Kancharla (Telugu: కంచర్ల) or Kancherla is a Telugu surname. Notable people with the surname include:

- Kancharla Gopanna (c. 1620 – 1688), Indian saint-poet popularly known as Bhadrachala Ramadasu
- Kancharla Srikanth (born 1972), Indian politician
- Kancherla Keshava Rao (born 1939), Indian politician popularly known as KK

== Kancharla ==
Kancharla (Telugu: కంచర్ల), also spelt Kancherla, is a Telugu surname primarily associated with the states of Andhra Pradesh and Telangana, with smaller populations found in Maharashtra and among the Telugu diaspora. The surname is geographical in origin and is believed to be derived from a place or region named Kancharla/Cherla in the Telugu-speaking region. Historical surname references associate the name with settlements near the Godavari region, although the precise ancestral origin is not conclusively established.

The surname is found among several Telugu-speaking communities, including Kamma, Reddy, and other agricultural and landowning groups.

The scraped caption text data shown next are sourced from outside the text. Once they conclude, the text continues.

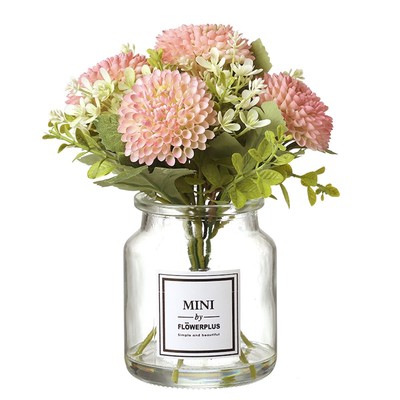 Künstliches rosa Blumengesteck im Glas mit Juteschleife Neu Zuhause Geschenk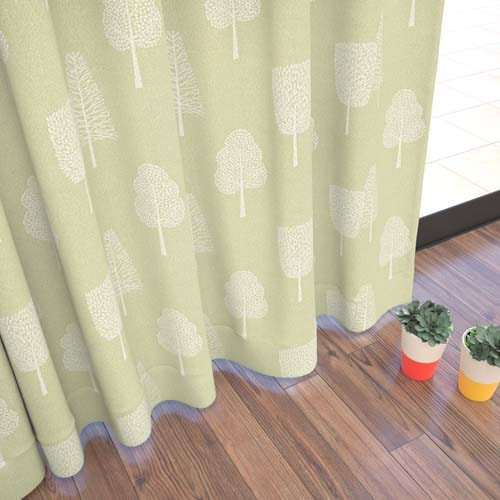 【オーダー】遮光2級 カジュアル 北欧風のジャガード形状記憶付 SE27018(グリーン)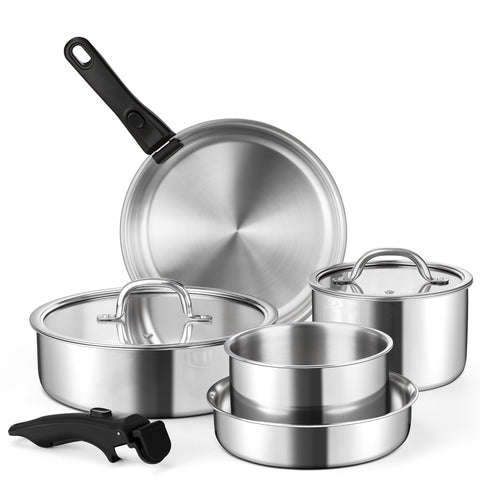 Conjunto E-far 9 piezas en acero inoxidable para cocinar con seguridad y durabilidad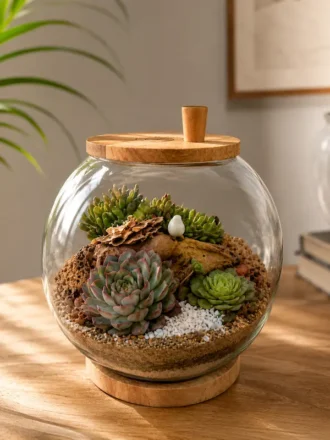 10 inch fishbowl succulent terrarium with real indoor plants in glass bowl, modern tabletop garden for home decor, office desk styling and eco friendly gifting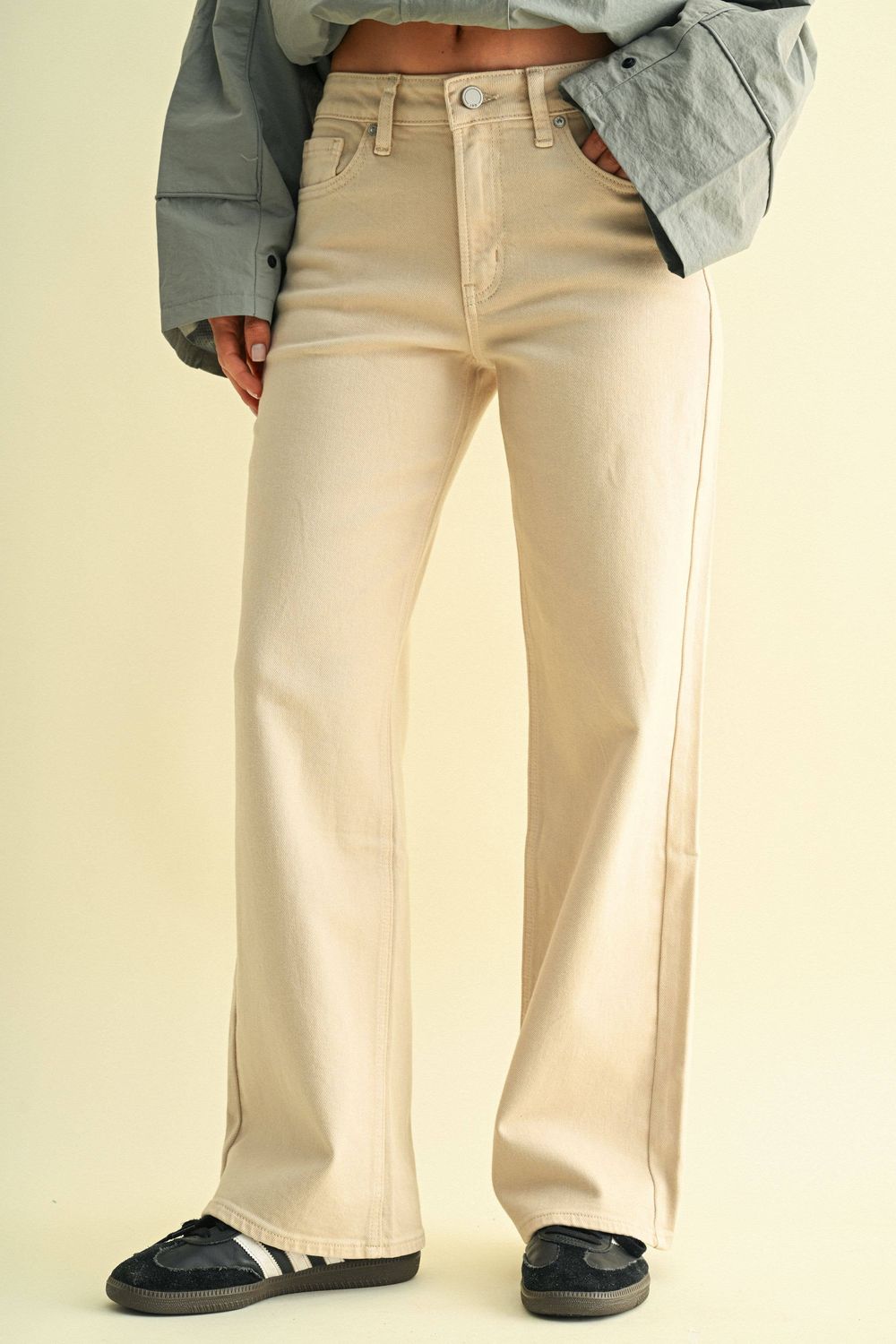 High Rise Full Length Straight Jean - VANILLA BEAN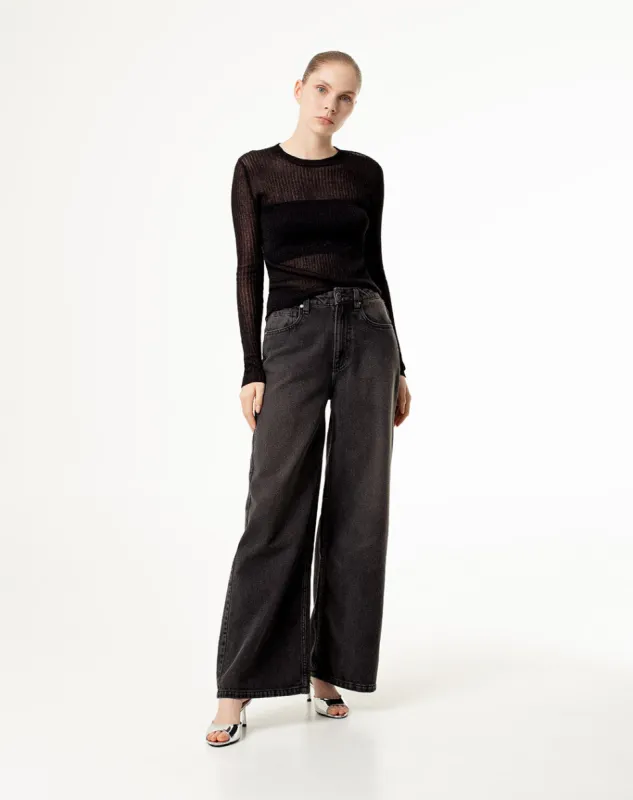 Jean relaxed fit tiro medio denim negro sold by Gef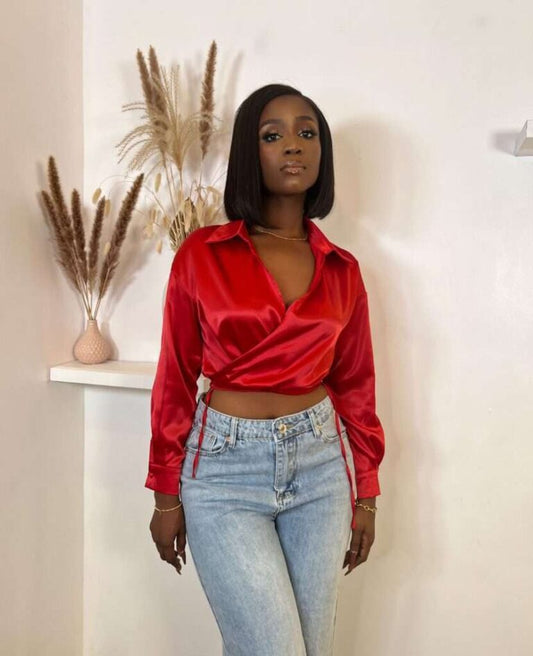 Kate Wrap Crop Blouse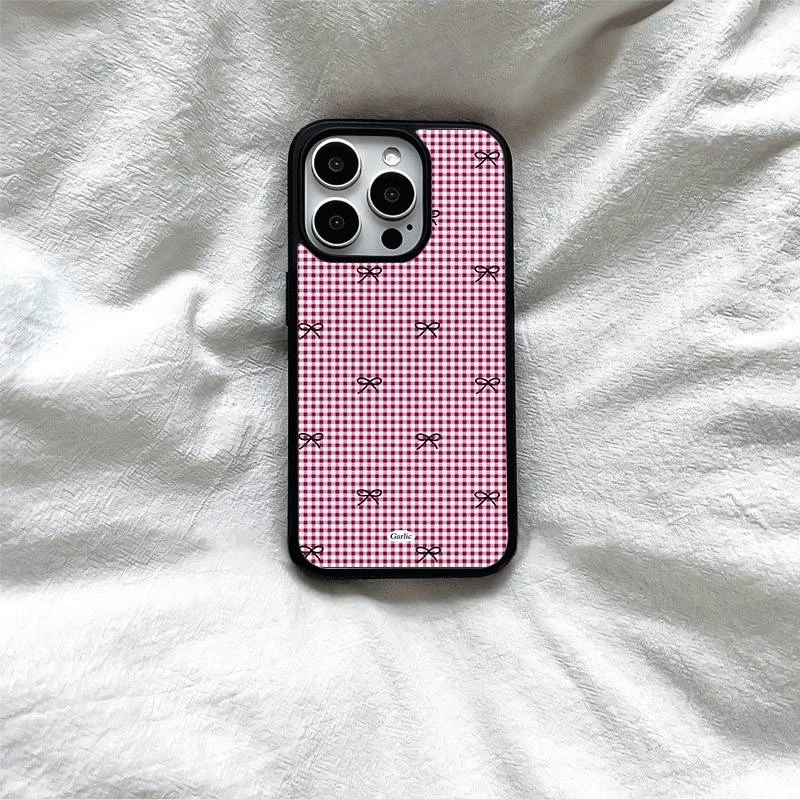 新款韩系566262红格蝴蝶结滴胶手机壳适用苹果17pro小米15reno131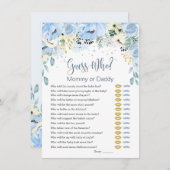 Blue Floral Guess Wie Baby shower Speluitnodiginge Kaart (Voorkant / Achterkant)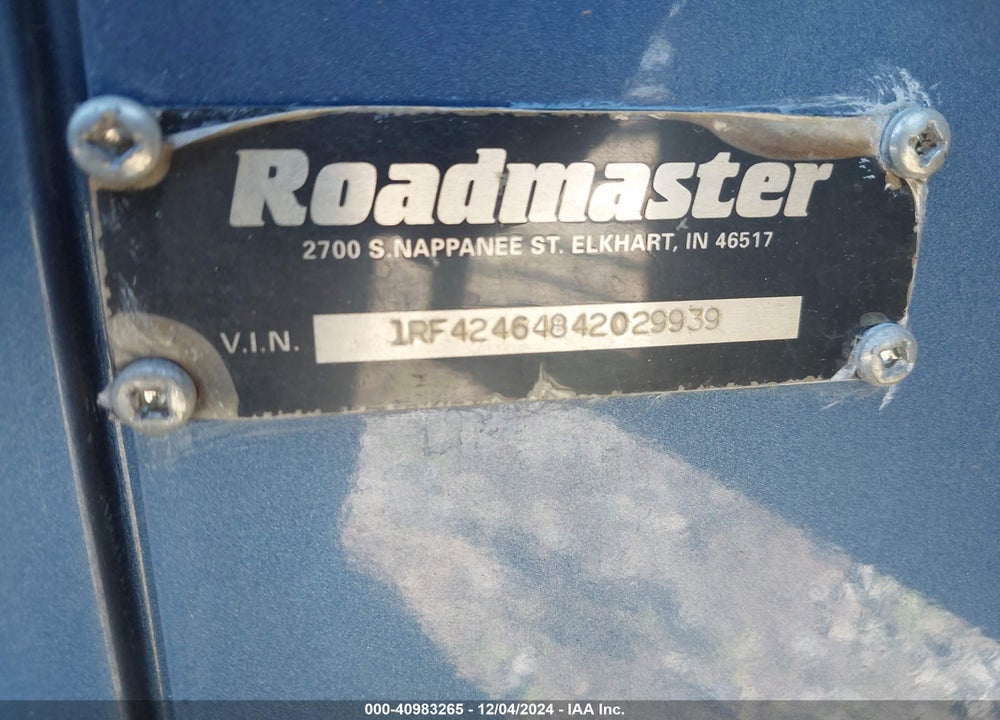 2004 ROADMASTER RAIL MONOCOQUE VIN: 1RF42464842029939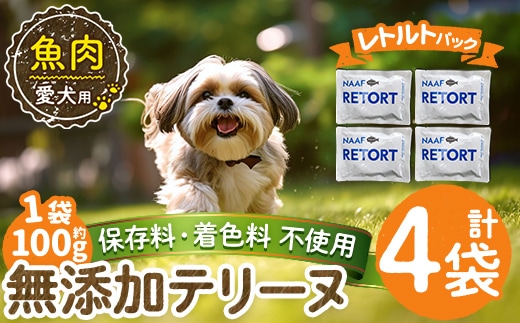a1089-B ＜保存料・着色料 不使用＞愛犬用無添加テリーヌ レトルトパック 魚テリーヌ4袋(1袋約100g・合計約400g)【Nフードサービス】姶良市 魚 テリーヌ 犬 ドッグ ペット フード エサ レトルト おやつ ごはん ご飯 間食 ご褒美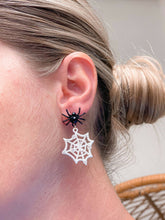 Load image into Gallery viewer, Spider Cobweb Dangle Earrings: Purple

Over the centuries, migration for agriculture, trade, education, government service, and business contributed to the spread of Kancharla families across Andhra Pradesh, Telangana, Maharashtra, and other parts of India.

Kancharla is also borne by several notable individuals, including Kancharla Gopanna (Bhadrachala Ramadasu), the 17th-century saint-poet and devotee of Lord Rama, and Kancharla Srikanth, an Indian politician. The surname remains closely associated with Telugu cultural heritage and is predominantly found in the Krishna, Guntur, East Godavari, Prakasam, and surrounding districts of Andhra Pradesh and Telangana.